Jarosław Kaczyński kontynuuje swój objazd po kraju. W sobotę odwiedził Koszalin, po czym udał się do Kołobrzegu. Dzień później prezes PiS przemawiał w Stargardzie, gdzie mówił m.in. o tym, jak jego zdaniem powinna wyglądać Unia Europejska. Stwierdził, że Polska „walczy nie tylko o narodowe interesy”, ale też „o interesy znacznie szersze”. – Chcemy być wolni i chcemy, żeby także inni mogli być wolni, żebyśmy żyli we wspólnocie wolnych narodów. Nie chcemy niczyjej dominacji – zaznaczał.
– Chcemy być gotowi do odparcia wszelkiego rodzaju agresji, wszelkiego rodzaju politycznych awanturników, ludzi, którzy chcą cofnąć historię, zabierać wolność całym narodom, niszczyć całe narody. Rosjanie nie ukrywają, że ich celem jest zniszczenie narodu ukraińskiego. Oni twierdzą, że nie ma Ukrainy – mówił dalej prezes PiS. – Równie dobrze można w pewnym momencie powiedzieć, że nie ma też Polaków. Dlatego musimy być gotowi, musimy być silni – stwierdził.

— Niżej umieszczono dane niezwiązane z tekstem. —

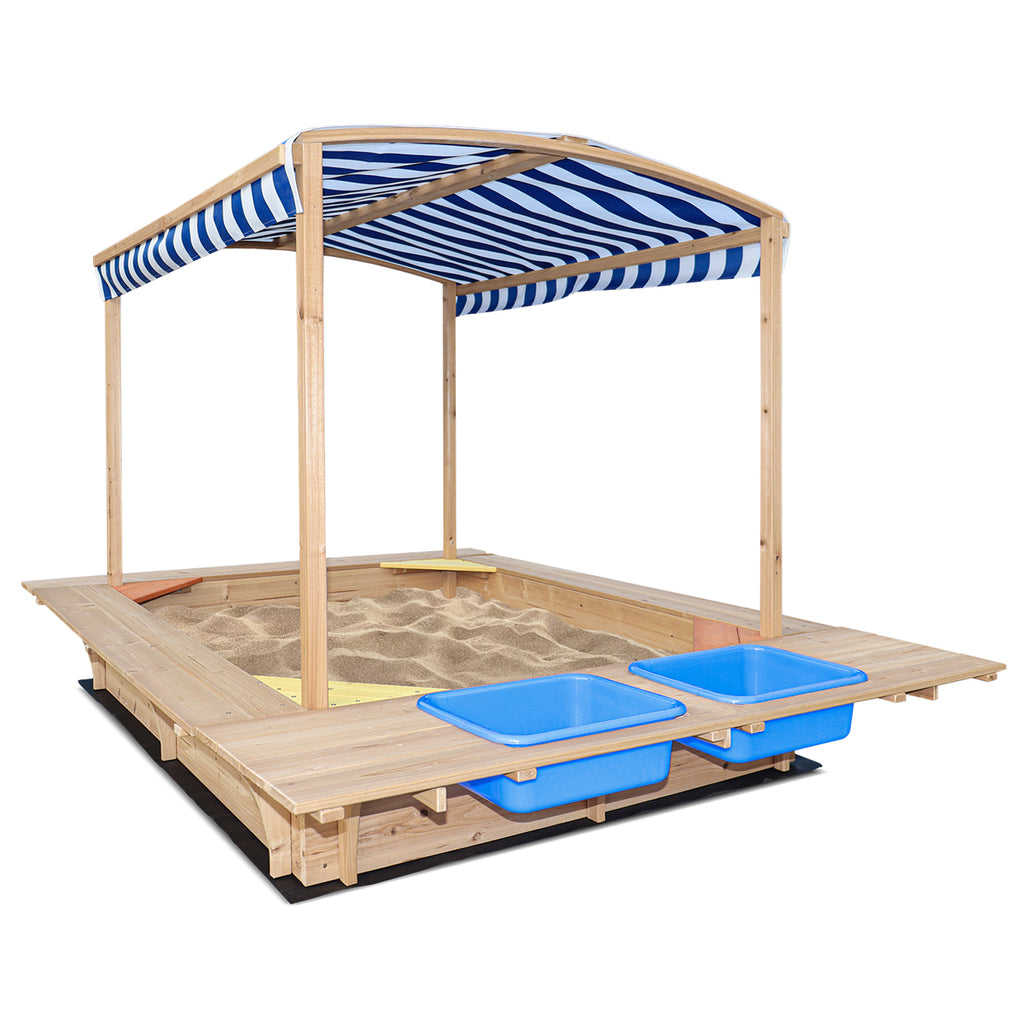 Playfort Sandpit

Prezes PiS przekonywał też, że rząd uzyskał środki na realizację swojej polityki społecznej dzięki uszczelnieniu tzw. luki VAT-owskiej. – W Polsce naprawdę były głodne dzieci. Myśmy je pierwszy raz nakarmili za czasów naszych rządów lat 2005-2007 – mówił. – Pamiętam jak po zakończeniu tych rządów tutaj, na tej ziemi, dosłownie w kilka dni od momentu, w którym odszedłem z gabinetu premiera, dziękowano mi w pewnej wsi, że dzieci nie chodzą już głodne – dodawał.

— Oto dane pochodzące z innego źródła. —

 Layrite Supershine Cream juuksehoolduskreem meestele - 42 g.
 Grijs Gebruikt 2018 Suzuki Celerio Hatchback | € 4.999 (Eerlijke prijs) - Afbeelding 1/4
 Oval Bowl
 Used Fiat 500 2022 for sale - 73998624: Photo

Kaczyński twierdzi, że Niemcy chcieli „doić” Polskę
– W 2015 roku jeszcze nietrudno było znaleźć w Polsce przykłady płacy godzinowej na poziomie 4-5 zł. A były nawet 3 zł, nawet 2 zł, zwłaszcza w pracy sezonowej. Dziś minimalna stawka jest 20 zł, za chwilę będzie 23 zł. Jest inflacja, ale jest też taki wzrost, że ta inflacja tylko nieznacznie go narusza – stwierdził Kaczyński. – Pamiętacie państwo, jak Lech Wałęsa w swoich lepszych czasach mówił: „będziemy drugą Japonią”. Wtedy nawet w kręgach solidarnościowych się uśmiechano. A dziś, jeśli chodzi o płace w sile nabywczej liczone, jesteśmy państwem kolejnym po Japonii jeśli chodzi o wysokość płac. Jeszcze trochę do góry i będziemy drugą Japonią – przekonywał.

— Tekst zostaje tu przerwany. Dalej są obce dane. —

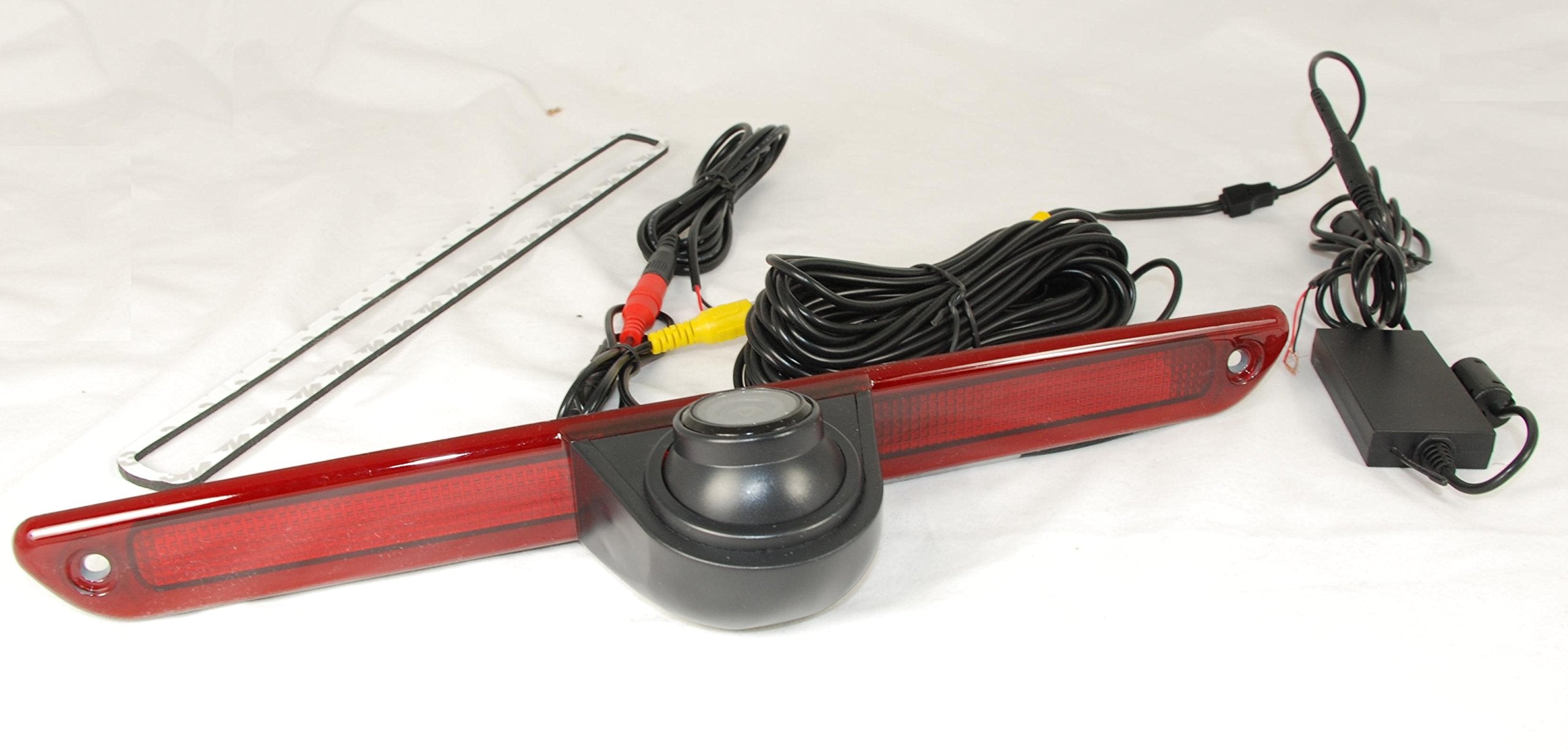 Sprinter Backup Camera (Wifi Camera View On Smart Phone)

Kaczyński stwierdził, że to „nie wszystkim się podoba”. – Mówię o naszych sąsiadach z zachodu. Oni by chcieli, aby Polska była z tyłu, nie była za silna, była pod niemieckim nadzorem – mówił. I zarzucał Niemcom, że chcieli mieć nad Polską „przewagę” i „doić” Polaków. – Jeśli Polacy jeździli tam, aby za marne pieniądze zbierać szparagi, to było właśnie to dojenie. Jeżeli my kupujemy w naszych supermarketach, ale niemieckich naprawdę, towary za taką samą cenę jak w Niemczech, tylko że te towary są wyraźnie gorsze, stąd są te sklepy ze środkami do prania prosto z Niemiec, to co to jest? To jest oszukiwanie, dojenie. My się na to nie możemy godzić – stwierdził.
Kaczyński znów uderzył w Sikorskiego. „Był pod wpływem albo dużo gorzej”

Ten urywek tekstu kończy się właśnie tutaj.